TASK INSTRUCTIONS: In the entries below, find the line with "Century Medical and" and the line with "The cranial tibial". Reproduce those two lines and every line between them exactly, and nothing more.

WORKING DATA:

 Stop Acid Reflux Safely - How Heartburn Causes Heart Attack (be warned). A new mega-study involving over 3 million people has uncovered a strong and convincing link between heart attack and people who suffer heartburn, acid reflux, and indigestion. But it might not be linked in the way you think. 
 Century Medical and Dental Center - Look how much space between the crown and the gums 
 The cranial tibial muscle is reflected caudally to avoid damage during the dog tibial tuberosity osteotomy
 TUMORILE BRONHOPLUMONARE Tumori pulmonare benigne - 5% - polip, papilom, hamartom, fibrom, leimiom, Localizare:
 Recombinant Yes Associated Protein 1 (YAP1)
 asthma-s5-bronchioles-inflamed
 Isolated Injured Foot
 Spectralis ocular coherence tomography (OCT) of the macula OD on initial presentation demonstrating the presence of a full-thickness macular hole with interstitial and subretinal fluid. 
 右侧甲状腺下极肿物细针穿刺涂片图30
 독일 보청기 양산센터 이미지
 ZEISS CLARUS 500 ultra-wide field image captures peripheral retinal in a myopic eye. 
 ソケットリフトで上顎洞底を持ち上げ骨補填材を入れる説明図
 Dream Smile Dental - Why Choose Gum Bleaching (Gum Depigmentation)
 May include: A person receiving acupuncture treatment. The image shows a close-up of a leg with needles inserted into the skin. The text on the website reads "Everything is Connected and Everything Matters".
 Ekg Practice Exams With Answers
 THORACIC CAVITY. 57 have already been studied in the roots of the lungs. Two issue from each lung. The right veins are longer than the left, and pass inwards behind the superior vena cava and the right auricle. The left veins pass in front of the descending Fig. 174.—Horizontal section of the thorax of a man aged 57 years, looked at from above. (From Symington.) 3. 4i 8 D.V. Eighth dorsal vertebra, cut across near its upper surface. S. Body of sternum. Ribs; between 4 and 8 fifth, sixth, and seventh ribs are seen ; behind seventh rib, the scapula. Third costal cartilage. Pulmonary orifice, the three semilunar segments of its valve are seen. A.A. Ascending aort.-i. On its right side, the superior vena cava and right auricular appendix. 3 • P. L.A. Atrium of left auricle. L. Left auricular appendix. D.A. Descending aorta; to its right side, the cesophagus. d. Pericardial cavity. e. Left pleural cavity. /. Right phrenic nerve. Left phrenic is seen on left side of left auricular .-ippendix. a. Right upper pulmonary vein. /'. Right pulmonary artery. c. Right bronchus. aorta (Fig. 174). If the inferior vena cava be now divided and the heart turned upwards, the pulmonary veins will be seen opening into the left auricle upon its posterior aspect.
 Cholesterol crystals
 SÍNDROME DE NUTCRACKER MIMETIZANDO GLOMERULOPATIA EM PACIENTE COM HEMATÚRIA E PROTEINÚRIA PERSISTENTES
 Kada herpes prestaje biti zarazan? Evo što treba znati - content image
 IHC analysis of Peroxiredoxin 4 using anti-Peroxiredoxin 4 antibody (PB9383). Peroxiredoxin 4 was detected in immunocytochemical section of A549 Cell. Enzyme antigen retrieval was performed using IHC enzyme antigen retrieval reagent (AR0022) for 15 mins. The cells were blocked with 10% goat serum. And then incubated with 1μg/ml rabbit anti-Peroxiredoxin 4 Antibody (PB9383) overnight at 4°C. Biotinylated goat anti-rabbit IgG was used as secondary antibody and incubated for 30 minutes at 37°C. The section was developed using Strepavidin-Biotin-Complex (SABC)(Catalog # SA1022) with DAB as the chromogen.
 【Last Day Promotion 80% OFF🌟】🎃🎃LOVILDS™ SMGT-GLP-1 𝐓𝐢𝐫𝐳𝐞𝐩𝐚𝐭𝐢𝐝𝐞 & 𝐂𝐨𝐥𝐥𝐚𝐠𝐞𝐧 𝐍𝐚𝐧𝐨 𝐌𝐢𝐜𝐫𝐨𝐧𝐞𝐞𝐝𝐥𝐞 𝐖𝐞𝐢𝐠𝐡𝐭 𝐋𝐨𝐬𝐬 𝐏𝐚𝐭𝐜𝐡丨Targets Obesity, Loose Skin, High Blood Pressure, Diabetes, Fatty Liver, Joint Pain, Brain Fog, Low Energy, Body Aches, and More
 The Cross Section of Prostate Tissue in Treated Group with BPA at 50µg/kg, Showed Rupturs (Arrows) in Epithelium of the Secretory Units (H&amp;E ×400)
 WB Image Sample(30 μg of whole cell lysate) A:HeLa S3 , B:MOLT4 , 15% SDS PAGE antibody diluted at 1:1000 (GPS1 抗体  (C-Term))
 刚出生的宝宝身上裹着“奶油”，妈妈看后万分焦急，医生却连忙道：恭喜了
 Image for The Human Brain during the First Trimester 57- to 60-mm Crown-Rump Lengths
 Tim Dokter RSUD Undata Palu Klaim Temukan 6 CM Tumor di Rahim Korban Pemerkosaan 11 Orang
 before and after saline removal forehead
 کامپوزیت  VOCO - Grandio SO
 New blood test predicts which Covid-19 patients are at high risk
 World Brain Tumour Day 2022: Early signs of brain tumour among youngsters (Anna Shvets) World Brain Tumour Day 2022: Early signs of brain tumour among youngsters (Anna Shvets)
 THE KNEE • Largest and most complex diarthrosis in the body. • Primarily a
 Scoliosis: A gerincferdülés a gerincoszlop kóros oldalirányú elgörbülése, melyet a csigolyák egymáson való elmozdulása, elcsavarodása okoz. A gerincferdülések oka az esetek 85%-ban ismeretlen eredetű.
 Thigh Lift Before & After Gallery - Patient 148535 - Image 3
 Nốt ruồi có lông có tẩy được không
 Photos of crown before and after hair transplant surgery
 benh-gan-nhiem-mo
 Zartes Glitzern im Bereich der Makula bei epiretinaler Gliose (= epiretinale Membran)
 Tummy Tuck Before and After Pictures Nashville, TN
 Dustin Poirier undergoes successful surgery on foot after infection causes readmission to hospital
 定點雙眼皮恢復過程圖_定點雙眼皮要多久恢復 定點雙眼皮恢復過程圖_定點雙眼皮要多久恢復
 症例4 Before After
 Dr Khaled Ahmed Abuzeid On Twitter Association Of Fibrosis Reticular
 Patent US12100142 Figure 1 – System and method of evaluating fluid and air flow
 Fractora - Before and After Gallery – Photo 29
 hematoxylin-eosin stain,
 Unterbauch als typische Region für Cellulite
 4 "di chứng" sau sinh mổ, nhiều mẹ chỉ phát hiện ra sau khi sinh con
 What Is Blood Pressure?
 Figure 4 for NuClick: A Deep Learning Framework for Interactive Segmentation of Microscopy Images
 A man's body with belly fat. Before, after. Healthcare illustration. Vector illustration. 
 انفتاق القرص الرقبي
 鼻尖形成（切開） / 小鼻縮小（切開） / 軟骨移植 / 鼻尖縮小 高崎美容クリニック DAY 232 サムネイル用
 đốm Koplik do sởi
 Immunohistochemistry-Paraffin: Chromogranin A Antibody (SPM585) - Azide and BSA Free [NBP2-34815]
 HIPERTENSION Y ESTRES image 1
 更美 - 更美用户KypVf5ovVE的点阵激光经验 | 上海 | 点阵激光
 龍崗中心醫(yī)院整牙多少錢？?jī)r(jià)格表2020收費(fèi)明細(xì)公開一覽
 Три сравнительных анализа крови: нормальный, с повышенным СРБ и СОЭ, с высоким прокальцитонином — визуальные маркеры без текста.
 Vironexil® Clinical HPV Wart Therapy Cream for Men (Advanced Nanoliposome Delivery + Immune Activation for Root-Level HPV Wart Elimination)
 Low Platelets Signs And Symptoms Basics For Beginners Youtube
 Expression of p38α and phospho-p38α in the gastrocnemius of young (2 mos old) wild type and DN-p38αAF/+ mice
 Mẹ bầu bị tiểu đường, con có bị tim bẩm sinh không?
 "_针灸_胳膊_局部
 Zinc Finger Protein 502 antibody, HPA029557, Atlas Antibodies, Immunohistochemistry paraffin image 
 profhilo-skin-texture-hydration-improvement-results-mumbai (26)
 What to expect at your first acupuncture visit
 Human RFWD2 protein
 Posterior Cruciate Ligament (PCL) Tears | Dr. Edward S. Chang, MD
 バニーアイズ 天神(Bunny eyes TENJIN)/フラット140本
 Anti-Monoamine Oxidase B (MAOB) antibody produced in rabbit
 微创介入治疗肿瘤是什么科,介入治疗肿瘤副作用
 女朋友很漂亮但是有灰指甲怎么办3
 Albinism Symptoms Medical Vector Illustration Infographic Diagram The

SOLVED PROBLEM:
 Century Medical and Dental Center - Look how much space between the crown and the gums 
 The cranial tibial muscle is reflected caudally to avoid damage during the dog tibial tuberosity osteotomy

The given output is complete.